§ **WHAT YOU WILL DO**
Write out the records that appear below, verbatim and complete, but without pictures.

(Web page caption snippets)
-------

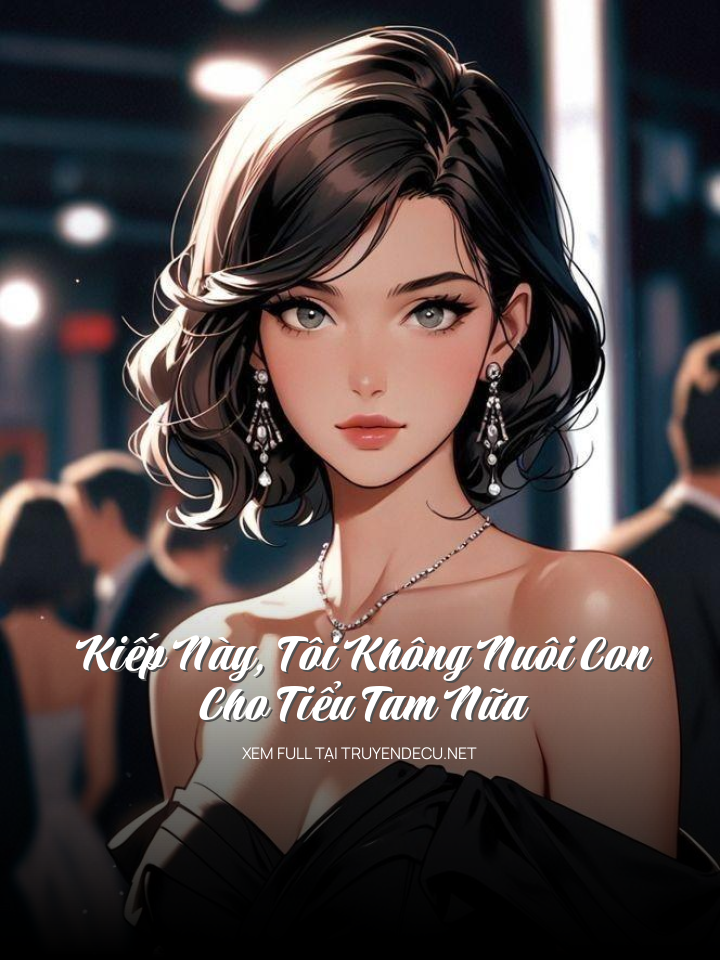 Kiếp Này, Tôi Không Nuôi Con Cho Tiểu Tam Nữa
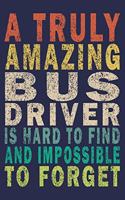 A Truly Amazing Bus Driver Is Hard To Find And Impossible To Forget: Funny Vintage Coworker Gifts Journal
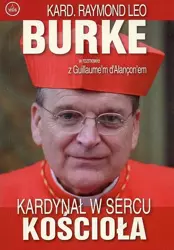 eBook Kardynał w sercu kościoła - Raymond Leo Burke mobi epub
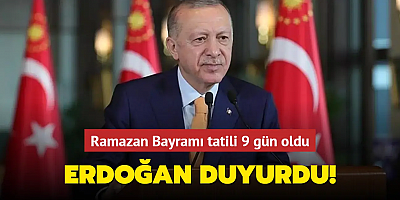 Bayram tatili 9 gün oldu Başkan Erdoğan açıkladı...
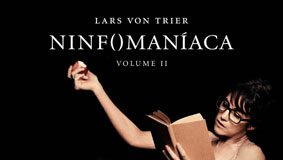 Ninfomaníaca: Volume 2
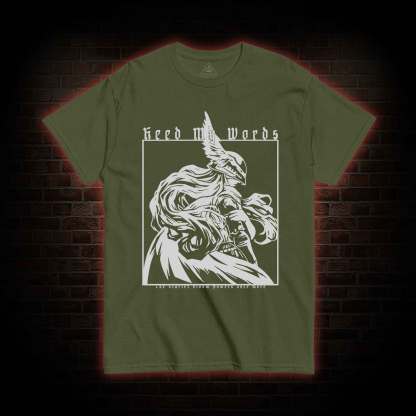 Heed My Words T-shirt 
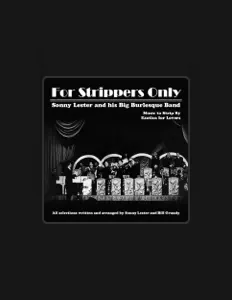 Listen to Sonny Lester and His Big Burlesque Band, watch music videos, read bio, see tour dates & more!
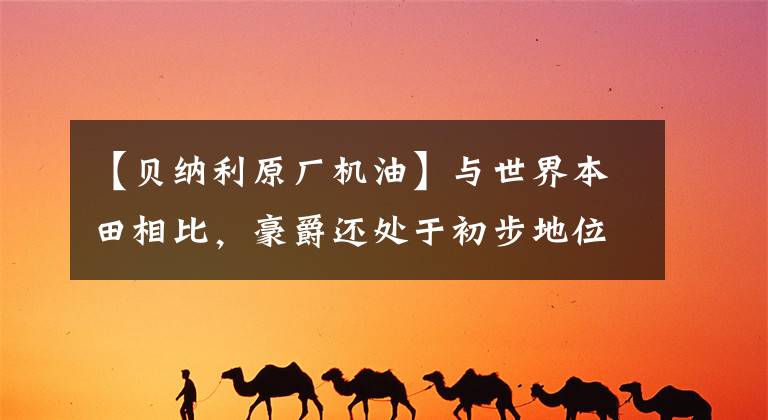 【贝纳利原厂机油】与世界本田相比，豪爵还处于初步地位。世界本田，豪爵林中桃园。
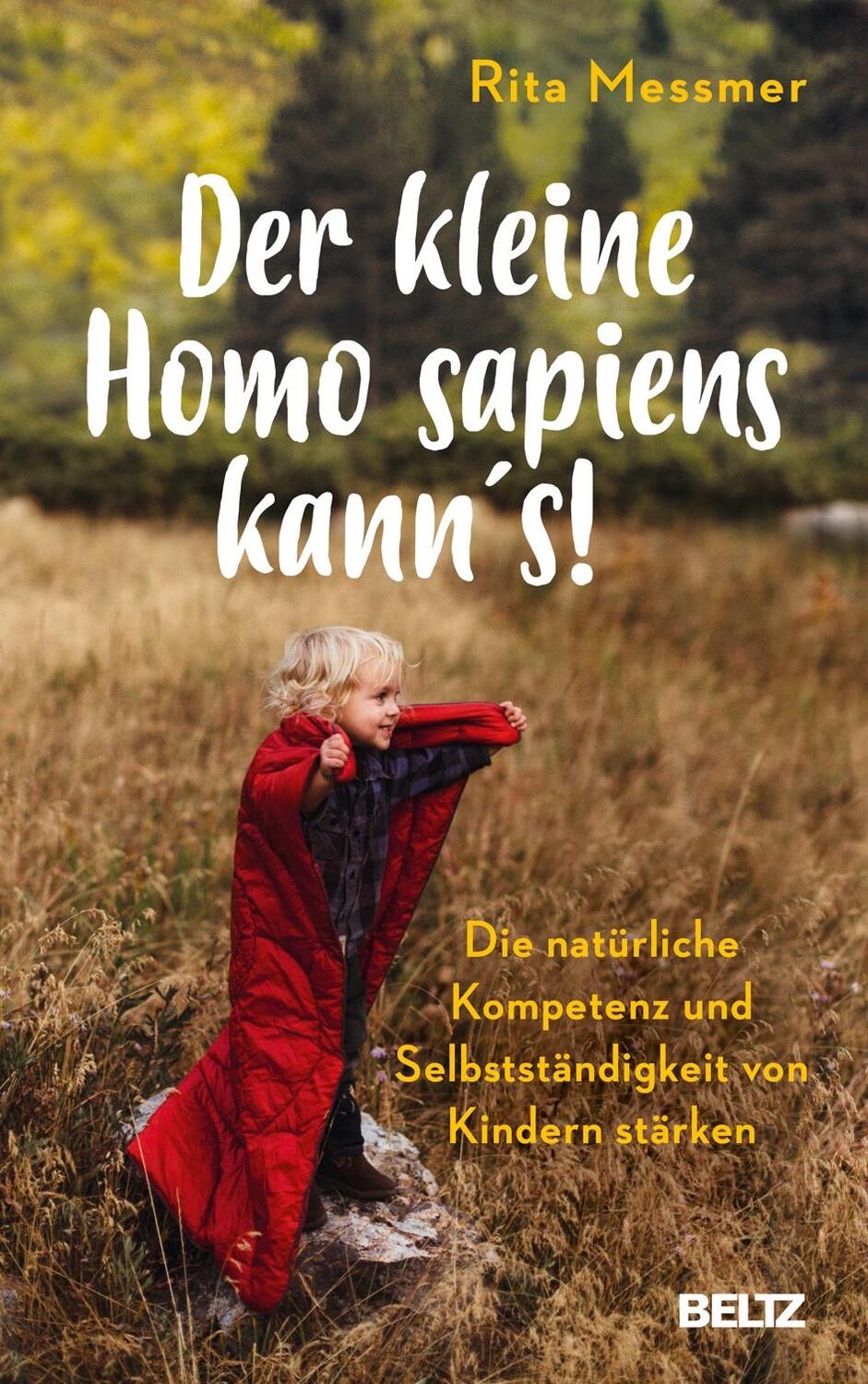 Cover: 9783407865441 | Der kleine Homo sapiens kann's! | Rita Messmer | Buch | Deutsch | 2018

-------

§ **RESPONSE**
 Kiếp Này, Tôi Không Nuôi Con Cho Tiểu Tam Nữa
 A Truly Amazing Bus Driver Is Hard To Find And Impossible To Forget: Funny Vintage Coworker Gifts Journal
 eBook Kardynał w sercu kościoła - Raymond Leo Burke mobi epub
 Bayram tatili 9 gün oldu Başkan Erdoğan açıkladı...
 Ninfomaníaca: Volume 2
 Heed My Words T-shirt 
 Listen to Sonny Lester and His Big Burlesque Band, watch music videos, read bio, see tour dates & more!
 【贝纳利原厂机油】与世界本田相比，豪爵还处于初步地位。世界本田，豪爵林中桃园。
 Cover: 9783407865441 | Der kleine Homo sapiens kann's! | Rita Messmer | Buch | Deutsch | 2018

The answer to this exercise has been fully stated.